I thought they would have a cool multi laser burner by now to up the write speed, or move the laser instead of the disc? You can build the laser stronger and rotate it at 10,000 rpm if you like.
I really wish they'd start investing in dragging the cost of next-generation media down. Blu-Ray is great if you ignore the DRM aspects.. Which for data backup renders it perfectly adequate.
Though I'd much rather see something with a little more than 50GB of storage... But then, if they spent their R&D money on perfecting/improving the multi-layer technology, we'd all be backing-up to n*25GB discs in no time.
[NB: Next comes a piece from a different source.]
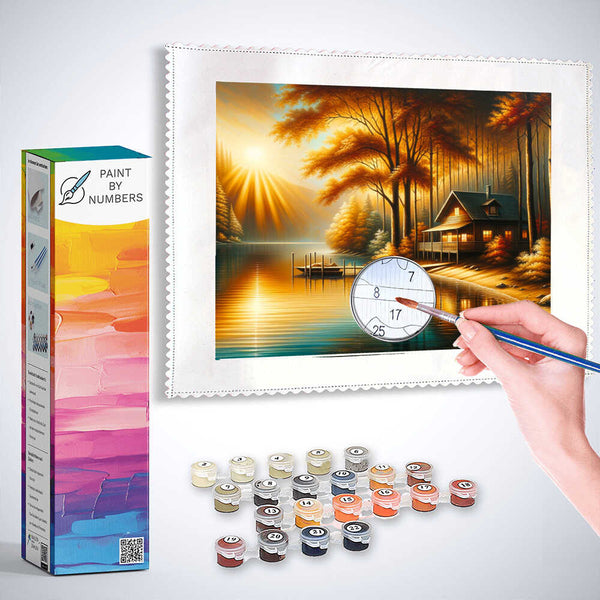 House in nature, by the lake - Paint by Numbers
Why waste all the research budget on ageing technology, when it takes a whole spindle of DVD-Rs to back-up my 2TB RAID array?
Even DVD-RAM is not very good, as I found hwen evaluating 6 different media. I have no diea what people use these for, but backup, data storage and data exchange are all very bad ideas in this consumer-trash. Writing trash faster makes in not better at all.
Most ACs are not even worth the keystrokes to insult them. Be generically insulted by this and ignored otherwise.
The faster the disc spins, the stronger the laser has to be. The lasers in DVD burners are already powerful enough to do real damage. There's probably some reluctance on manufacturers' part to hand out class-IV lasers for $29.99 with mail-in rebate.
Actually, it was a single laser that was split into multiple beams.
The technology behind the Kenwood drives was developed by an Israeli startup called Zen Research (they had their logo on the drive).
The drive ended up more expensive than it had to, because they ended up using separate ICs for each beam due to a bug in their ASIC, preventing using the ASIC's internal logic that was supposed to do the same. They were already very late so they didn't respin the ASIC.
They worked on the same logic for a DVD writer, but they were so late that the company went belly-up.